People regularly cite Australia's economic strength and our egalitarianism as reasons why emotion-driven, fact-free and angry populism will not flourish here as it is flourishing in other Western democracies.
But research recently published by a University of Melbourne academic, Roberto Stefan Foa, and his former Harvard colleague Yascha Mounk, shows that our democratic consensus is fragile too.
The pair has been researching the attitudes of people in so-called "consolidated" democracies, to the conventions and institutions that comprise those democracies.
They have found a disturbing trend – over time, in all the liberal democracies including Australia, open-ness to the idea of military rule has grown, the number of people who think a democratic system is "bad" has grown, support for the concept of civil rights is less, and fewer people express an interest in politics. This trend is especially pronounced in young people, so-called Millennials.
In these conditions, populist politicians gain traction by appealing to emotion and bypassing fact altogether.
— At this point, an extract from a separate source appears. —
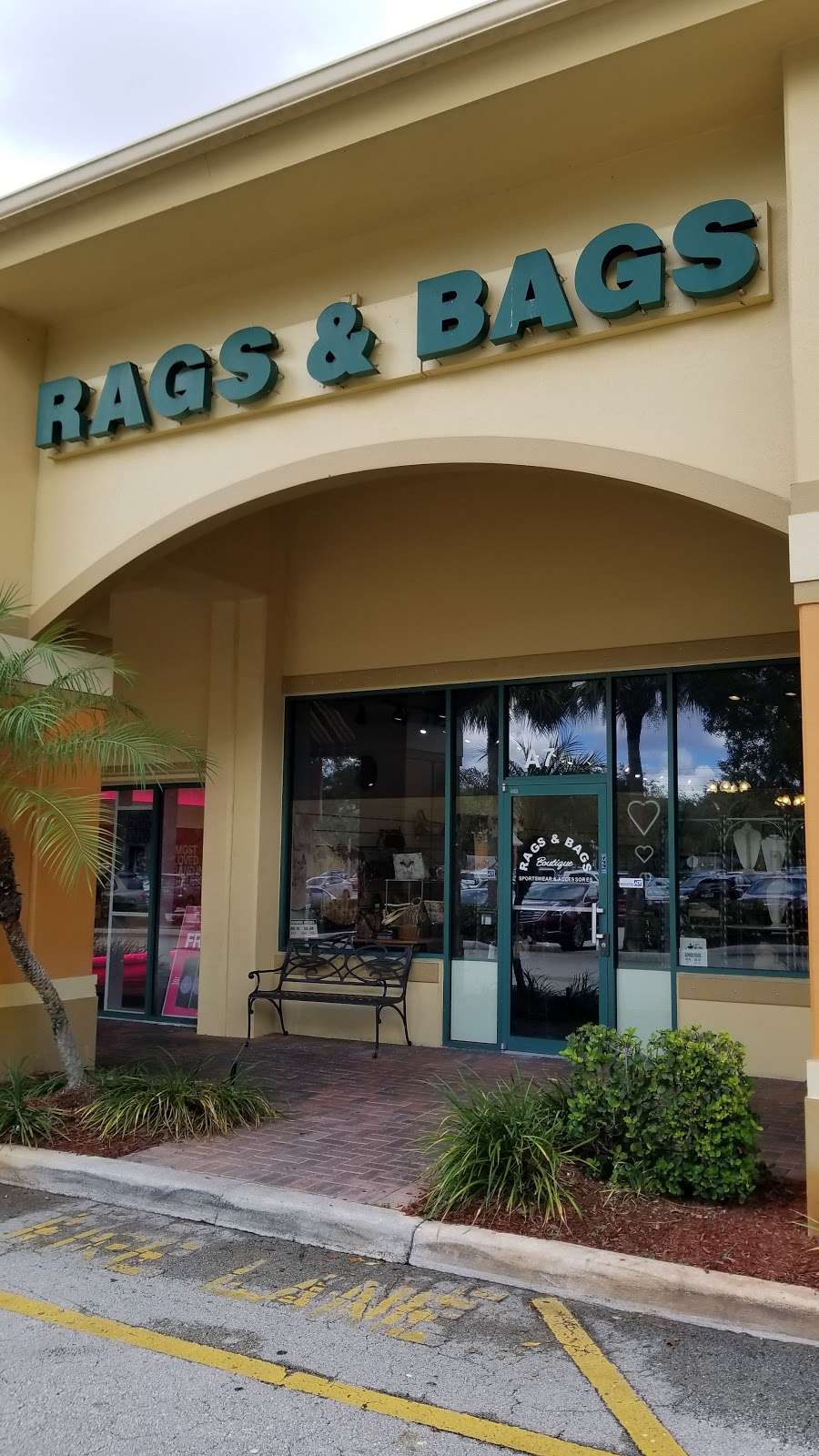 Rags & Bags II | 7410 W Boynton Beach Blvd # A7, Boynton Beach, FL 33437, USA | Phone: (561) 733-7735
These politicians outrage the "elites", precisely because they don't adhere to the values of liberal democracy, which roll all the way back to the Enlightenment. They are playing "our" game but they won't accept the rules we wrote. They don't value rationalism over emotion. They don't abide by the norms so many of us thought (or hoped) were settled, and in this sense they are radical.
And when you have a Prime Minister who refuses facts as squarely as Turnbull did this week, despite being educated, intelligent and on record as knowing those facts better than most people, we are edging towards the land of the radical, where policy-making is as fantastical as a go-nowhere boat trip over a bleached-out coral reef.